Global feed production inched closer to 1 billion metric tons in 2015, according to Alltech’s Global Feed Survey.
Overall global feed production was up 2 percent to 995.5 million metric tons (mmt) in 2015, amounting to $450 billion in sales based on average feed prices, Alltech said in a webinar on January 22. Trends are expected to continue through 2016, with projected global feed production surpassing 1 billion metric tons.
Top 10 countries in terms of feed production
- United States
India saw 7 percent growth in 2015. Overall, Europe saw the most growth, 13 percent, with the largest contributions coming from Russia, Turkey, Belarus and Poland. Production in the Middle East was up 17 percent.
“All are substantial contributors in terms of feed production globally,” said Aidan Connolly, Alltech chief innovation officer and vice president-corporate accounts, who presented the webinar. “India is fast becoming one of the major producers of feed globally.”

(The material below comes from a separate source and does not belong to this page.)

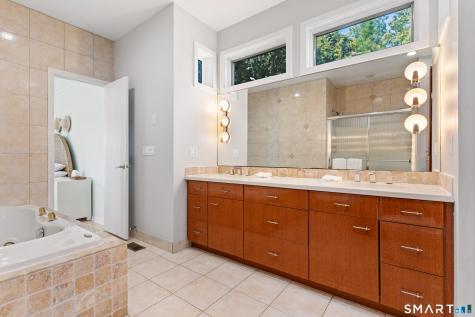 16 Whalers Point East Haven CT 06512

To conduct its survey, Alltech visits more than 32,000 feed mills in 131 countries to gather estimates on compound feed production. Data also is gathered from feed industry associations. Although there are differences in how feed is defined in various countries, the survey only looks at feed that goes through a feed mill, and does not include forages or on-farm production.
Numbers by animal feed sector
- The poultry feed sector has the largest market share of all species, with 46 percent of total feed production – the growing fastest of all species. This is up 6 percent from 2014.
- Pig feed production was down 2 percent, with 253.53 mmt.
- Aquafeed, with 35.47 mmt, was down 5 percent. Alltech noted that, outside of China, this figure seems to relate to more accurate data collection and not a specific decline, especially given that the aquaculture sector is up 19 percent overall in the past five years.
Animal feed production reflects economic conditions
“The feed industry is a good indicator of economic health,” Connolly said.
He pointed out that, as China’s economy has struggled, its feed production has declined. China’s feed prices are about twice as much as other leading countries, which reflects government policies, Connolly said. 2015 was the third consecutive year the number of feed mills in China declined, reflecting government concerns with feed and food safety. Consolidation to fewer, more efficient farms leads to better feed conversions and productivity, and less feed required.
China, however, is still the leading feed producer worldwide, at 179.93 million metric tons from 8,550 feed mills. The U.S. produced 172.73 mmt from 6,012 feed mills, and Brazil produced 68.7 mmt from 1,556 feed mills. The number of feed mills has declined in all three countries.
Feed prices are the highest in Japan, Switzerland and Ecuador, along with Nigeria, Haiti, Cuba, Yemen, Seychelles and Armenia. Poultry feed prices are lowest in the U.S., Brazil, Russia and Canada, while pig feed prices are lowest in the U.S., Russia, Canada and Argentina. Feed prices reflect prices for corn and soybeans, and feed prices are generally higher in smaller countries, Connolly said.